**Records contained in a dataset:**
»»

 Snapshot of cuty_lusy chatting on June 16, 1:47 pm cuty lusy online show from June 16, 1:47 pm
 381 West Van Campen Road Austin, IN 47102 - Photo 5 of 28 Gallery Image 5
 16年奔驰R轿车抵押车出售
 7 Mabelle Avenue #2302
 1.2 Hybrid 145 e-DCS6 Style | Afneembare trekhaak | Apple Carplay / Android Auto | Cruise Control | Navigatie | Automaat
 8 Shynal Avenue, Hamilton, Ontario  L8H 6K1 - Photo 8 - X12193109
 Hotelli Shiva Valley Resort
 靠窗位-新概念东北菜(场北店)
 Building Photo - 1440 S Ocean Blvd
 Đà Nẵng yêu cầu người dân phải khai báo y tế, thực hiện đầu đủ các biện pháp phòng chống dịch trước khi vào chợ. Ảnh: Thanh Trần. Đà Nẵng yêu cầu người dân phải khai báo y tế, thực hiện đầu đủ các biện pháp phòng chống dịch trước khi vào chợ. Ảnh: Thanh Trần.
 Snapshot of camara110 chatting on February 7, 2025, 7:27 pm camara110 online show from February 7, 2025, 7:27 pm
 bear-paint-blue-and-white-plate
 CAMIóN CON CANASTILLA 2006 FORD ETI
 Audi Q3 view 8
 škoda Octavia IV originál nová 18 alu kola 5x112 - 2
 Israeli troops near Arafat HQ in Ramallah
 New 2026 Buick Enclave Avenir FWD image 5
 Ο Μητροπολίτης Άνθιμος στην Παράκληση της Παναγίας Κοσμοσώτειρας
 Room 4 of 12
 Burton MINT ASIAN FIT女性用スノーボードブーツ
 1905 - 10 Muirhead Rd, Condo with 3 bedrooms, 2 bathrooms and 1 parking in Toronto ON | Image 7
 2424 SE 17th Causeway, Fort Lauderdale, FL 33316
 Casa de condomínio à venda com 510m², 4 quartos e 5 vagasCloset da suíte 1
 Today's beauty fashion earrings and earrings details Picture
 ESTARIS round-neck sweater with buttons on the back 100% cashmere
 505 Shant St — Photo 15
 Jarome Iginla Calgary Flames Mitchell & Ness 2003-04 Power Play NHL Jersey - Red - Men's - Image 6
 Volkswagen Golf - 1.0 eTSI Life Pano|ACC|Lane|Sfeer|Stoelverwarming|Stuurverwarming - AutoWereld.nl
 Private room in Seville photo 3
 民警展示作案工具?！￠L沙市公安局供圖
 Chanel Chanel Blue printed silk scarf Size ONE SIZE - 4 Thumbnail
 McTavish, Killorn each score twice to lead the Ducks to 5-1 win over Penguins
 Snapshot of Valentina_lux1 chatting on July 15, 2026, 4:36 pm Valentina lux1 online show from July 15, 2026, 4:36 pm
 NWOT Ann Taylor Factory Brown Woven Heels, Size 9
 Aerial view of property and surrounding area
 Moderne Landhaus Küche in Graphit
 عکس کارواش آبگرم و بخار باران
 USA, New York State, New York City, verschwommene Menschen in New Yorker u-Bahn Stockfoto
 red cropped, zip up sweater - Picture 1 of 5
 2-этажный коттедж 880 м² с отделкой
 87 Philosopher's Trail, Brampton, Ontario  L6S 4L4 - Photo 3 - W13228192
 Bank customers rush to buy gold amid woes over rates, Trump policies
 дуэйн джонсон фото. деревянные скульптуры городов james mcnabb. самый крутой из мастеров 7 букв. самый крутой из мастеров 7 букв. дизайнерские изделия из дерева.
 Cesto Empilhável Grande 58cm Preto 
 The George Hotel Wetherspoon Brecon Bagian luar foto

««

**What to produce:** Here the job is to restate all of the data word for word.

**Worked solution:**
 Snapshot of cuty_lusy chatting on June 16, 1:47 pm cuty lusy online show from June 16, 1:47 pm
 381 West Van Campen Road Austin, IN 47102 - Photo 5 of 28 Gallery Image 5
 16年奔驰R轿车抵押车出售
 7 Mabelle Avenue #2302
 1.2 Hybrid 145 e-DCS6 Style | Afneembare trekhaak | Apple Carplay / Android Auto | Cruise Control | Navigatie | Automaat
 8 Shynal Avenue, Hamilton, Ontario  L8H 6K1 - Photo 8 - X12193109
 Hotelli Shiva Valley Resort
 靠窗位-新概念东北菜(场北店)
 Building Photo - 1440 S Ocean Blvd
 Đà Nẵng yêu cầu người dân phải khai báo y tế, thực hiện đầu đủ các biện pháp phòng chống dịch trước khi vào chợ. Ảnh: Thanh Trần. Đà Nẵng yêu cầu người dân phải khai báo y tế, thực hiện đầu đủ các biện pháp phòng chống dịch trước khi vào chợ. Ảnh: Thanh Trần.
 Snapshot of camara110 chatting on February 7, 2025, 7:27 pm camara110 online show from February 7, 2025, 7:27 pm
 bear-paint-blue-and-white-plate
 CAMIóN CON CANASTILLA 2006 FORD ETI
 Audi Q3 view 8
 škoda Octavia IV originál nová 18 alu kola 5x112 - 2
 Israeli troops near Arafat HQ in Ramallah
 New 2026 Buick Enclave Avenir FWD image 5
 Ο Μητροπολίτης Άνθιμος στην Παράκληση της Παναγίας Κοσμοσώτειρας
 Room 4 of 12
 Burton MINT ASIAN FIT女性用スノーボードブーツ
 1905 - 10 Muirhead Rd, Condo with 3 bedrooms, 2 bathrooms and 1 parking in Toronto ON | Image 7
 2424 SE 17th Causeway, Fort Lauderdale, FL 33316
 Casa de condomínio à venda com 510m², 4 quartos e 5 vagasCloset da suíte 1
 Today's beauty fashion earrings and earrings details Picture
 ESTARIS round-neck sweater with buttons on the back 100% cashmere
 505 Shant St — Photo 15
 Jarome Iginla Calgary Flames Mitchell & Ness 2003-04 Power Play NHL Jersey - Red - Men's - Image 6
 Volkswagen Golf - 1.0 eTSI Life Pano|ACC|Lane|Sfeer|Stoelverwarming|Stuurverwarming - AutoWereld.nl
 Private room in Seville photo 3
 民警展示作案工具?！￠L沙市公安局供圖
 Chanel Chanel Blue printed silk scarf Size ONE SIZE - 4 Thumbnail
 McTavish, Killorn each score twice to lead the Ducks to 5-1 win over Penguins
 Snapshot of Valentina_lux1 chatting on July 15, 2026, 4:36 pm Valentina lux1 online show from July 15, 2026, 4:36 pm
 NWOT Ann Taylor Factory Brown Woven Heels, Size 9
 Aerial view of property and surrounding area
 Moderne Landhaus Küche in Graphit
 عکس کارواش آبگرم و بخار باران
 USA, New York State, New York City, verschwommene Menschen in New Yorker u-Bahn Stockfoto
 red cropped, zip up sweater - Picture 1 of 5
 2-этажный коттедж 880 м² с отделкой
 87 Philosopher's Trail, Brampton, Ontario  L6S 4L4 - Photo 3 - W13228192
 Bank customers rush to buy gold amid woes over rates, Trump policies
 дуэйн джонсон фото. деревянные скульптуры городов james mcnabb. самый крутой из мастеров 7 букв. самый крутой из мастеров 7 букв. дизайнерские изделия из дерева.
 Cesto Empilhável Grande 58cm Preto 
 The George Hotel Wetherspoon Brecon Bagian luar foto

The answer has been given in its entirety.